───── EXERCISE MATERIAL ─────
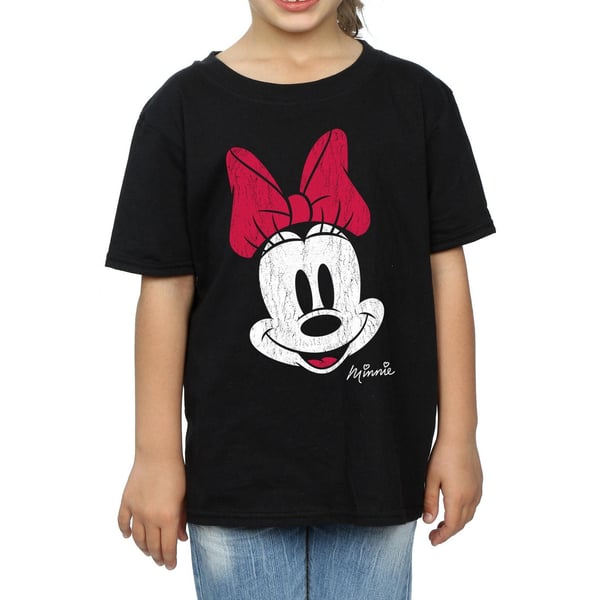 Disney Girls Minnie Mouse Face Cotton T-Shirt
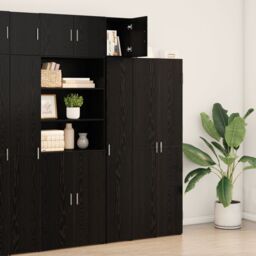Berkfield Home Wall Cabinet Black Oak 30x42.5x40 cm Engineered Wood - thumbnail 4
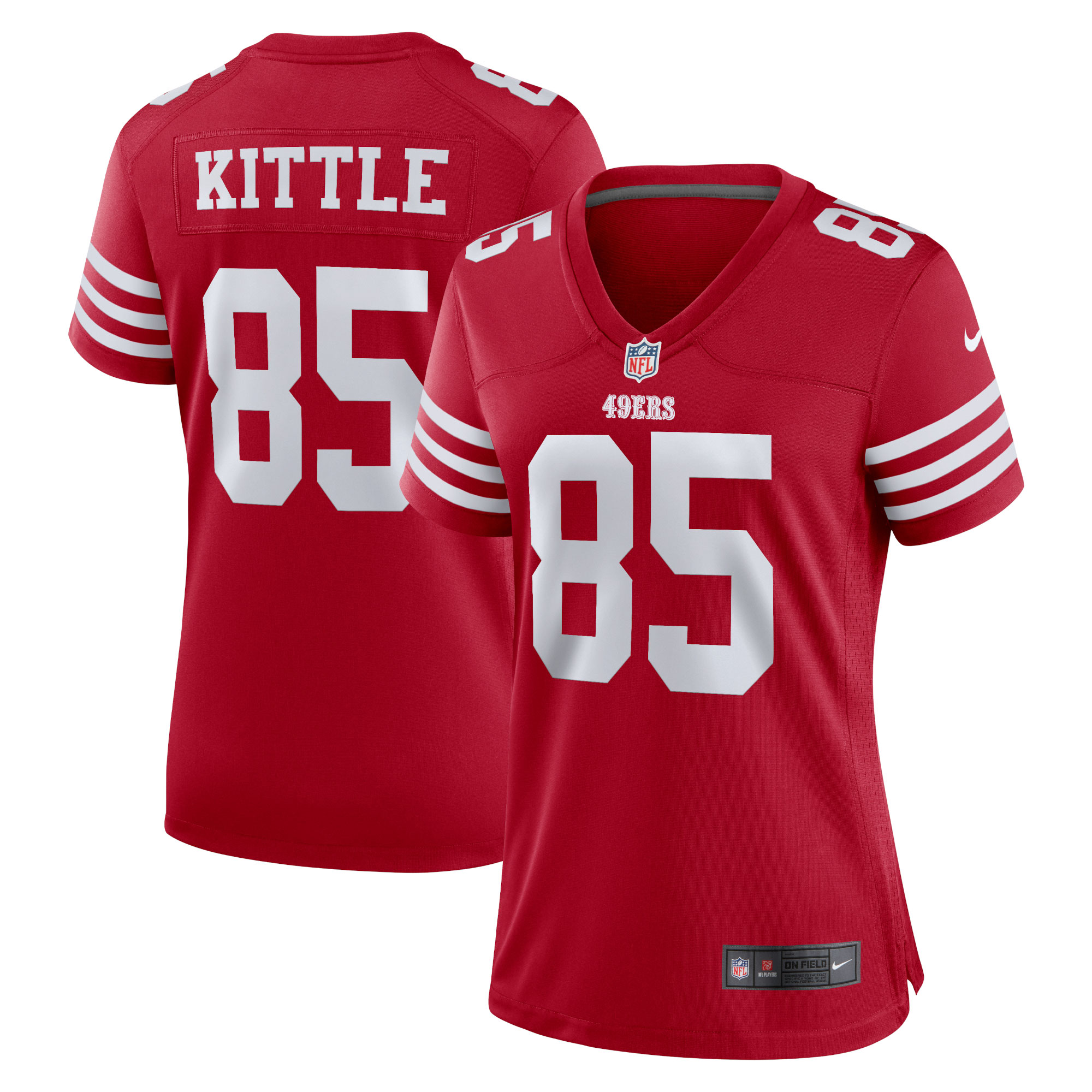 Women's San Francisco 49ers George Kittle Scarlet Team Game Player Jersey JS3871 nicesnker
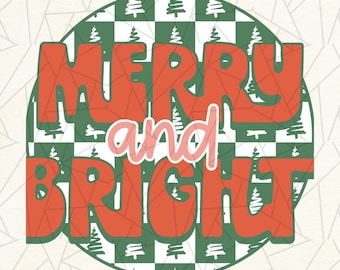 Merry and bright png - Christmas lights - Christmas design sublimation - Christmas shirt png - Retro Christmas png - Christmas tree png
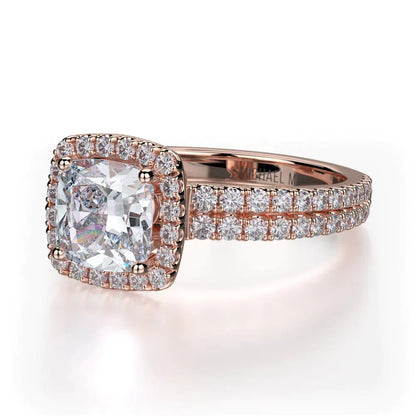 Michael M Prong Cushion Engagement Ring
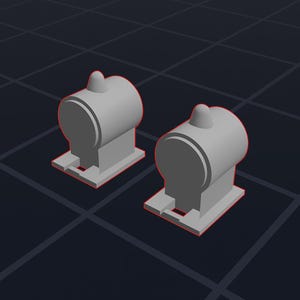 以下が含まれることがあります： 丸みを帯びた上部とベースを備えた2つの灰色の円筒形オブジェクト。おそらく産業用コンポーネントまたはミニチュアモデルです。オブジェクトは、デジタルレンダリングまたは技術イラストを示唆する、グリッドパターンを持つ暗い背景に設定されています。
─────
• **ABOUT THIS TASK**
Reproduce, word for word, the lines from the one containing "Michael M Prong Cushion Engagement Ring" to the end of the material, both ends included. No picture is copied.

• **RESPONSE TO THE EXERCISE**
 Michael M Prong Cushion Engagement Ring
 以下が含まれることがあります： 丸みを帯びた上部とベースを備えた2つの灰色の円筒形オブジェクト。おそらく産業用コンポーネントまたはミニチュアモデルです。オブジェクトは、デジタルレンダリングまたは技術イラストを示唆する、グリッドパターンを持つ暗い背景に設定されています。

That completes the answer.